Le saxophoniste Illinois Jacquet était réputé pour son jeu exubérant, puissant et swinguant, bien qu'aussi capable d'exceller sur des ballades. Son solo sur l'enregistrement de Lionel Hampton « Flying Home » en 1942 a eu une influence majeure sur les saxophonistes de rhythm and blues.
Illinois Jacquet was known for his exuberant, powerful and swinging playing, although he was also capable of excelling on ballads. His solo on Lionel Hampton's 1942 recording 'Flying Home' was a major influence on rhythm and blues saxophonists.
Illinois Jacquet was born Jean-Baptiste Jacquet in 1922 in Broussard, Louisiana and grew up in Houston, Texas. He began tap dancing at an early age in the band formed by his father and brothers, before trying his hand at drums and then saxophone.
He moved to Los Angeles after high school and joined Lionel Hampton's band in 1941. He became the star of the big band the following year with the release of Flying Home. His tenor saxophone solo gave birth to what would be called the "Texas tenor style" and remained emblematic for a whole generation of musicians.

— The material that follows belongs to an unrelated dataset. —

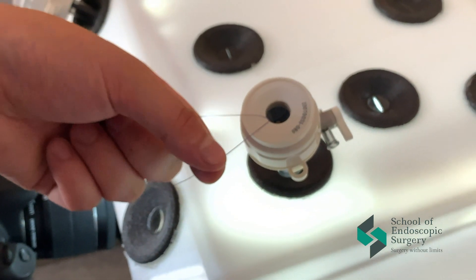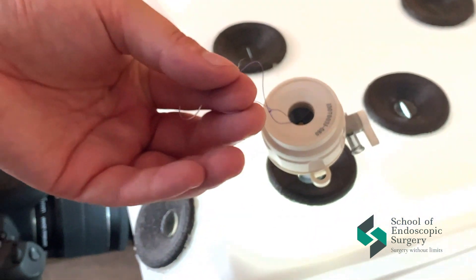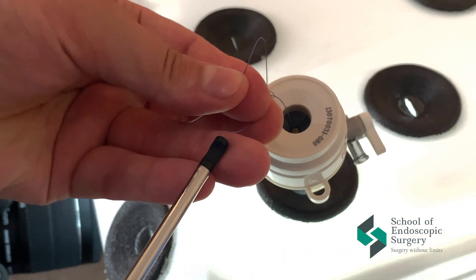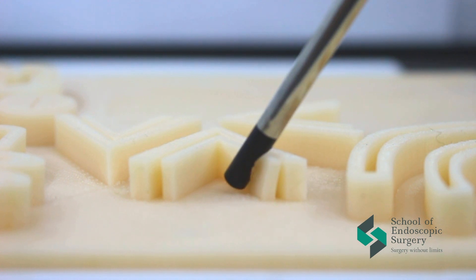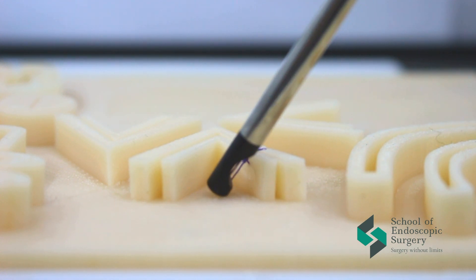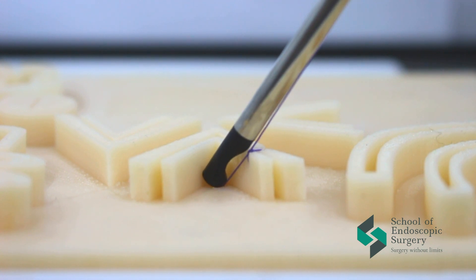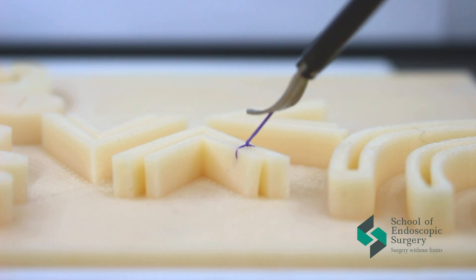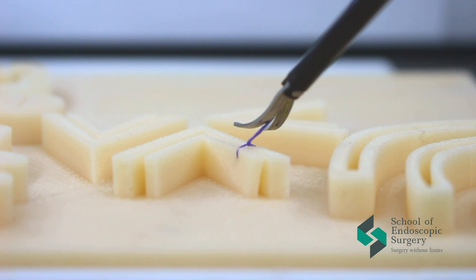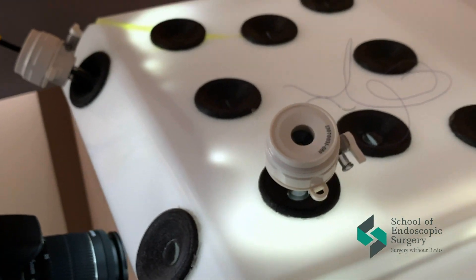One end of the thread is stretched with the knot pusher and the other end of the thread is stretched by hand. After that, form a knot on the other side, pull through the knot pusher ring, and tighten the knot. The main difference between the extracorporeal knot and the intracorporeal knot is that we can control the tension of tissues and the tension of the thread with our fingers.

Jacquet then played in Cab Calloway's (1943-44) and Count Basie's (1945-46) bands. In the meantime, he participated with his brother Russel Jacquet (trumpet player) in the first Jazz At The Philharmonic concerts, produced by Norman Granz. He joined the JATP troupe in 1946 for annual tours of the United States and eventually the world. His improvisations and wild swing were a crowd pleaser.

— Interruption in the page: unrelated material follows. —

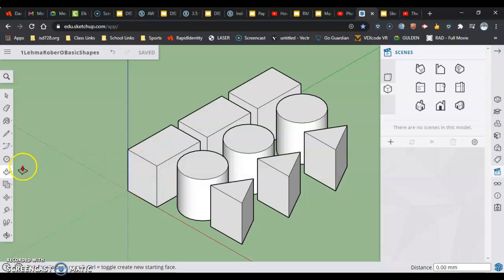To get into Offset, click the push-pull tool group button and then click on Offset. When you hover over a surface, it highlights it just like push-pull does, but now when you click you can either slide in or slide out.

At the same time, he wrote many songs and recorded with his own bands. He recorded for labels such as Apollo, Savoy, Aladdin, RCA, Verve, Mercury, Roulette, Epic, Argo, Prestige.
Illinois Jacquet died in 2004, a few months after leading his band at Lincoln Center in New York. Throughout his career, the saxophonist stirred up the crowds with his powerful and rough playing, but his soft and sensitive tone can also be heard on countless ballads.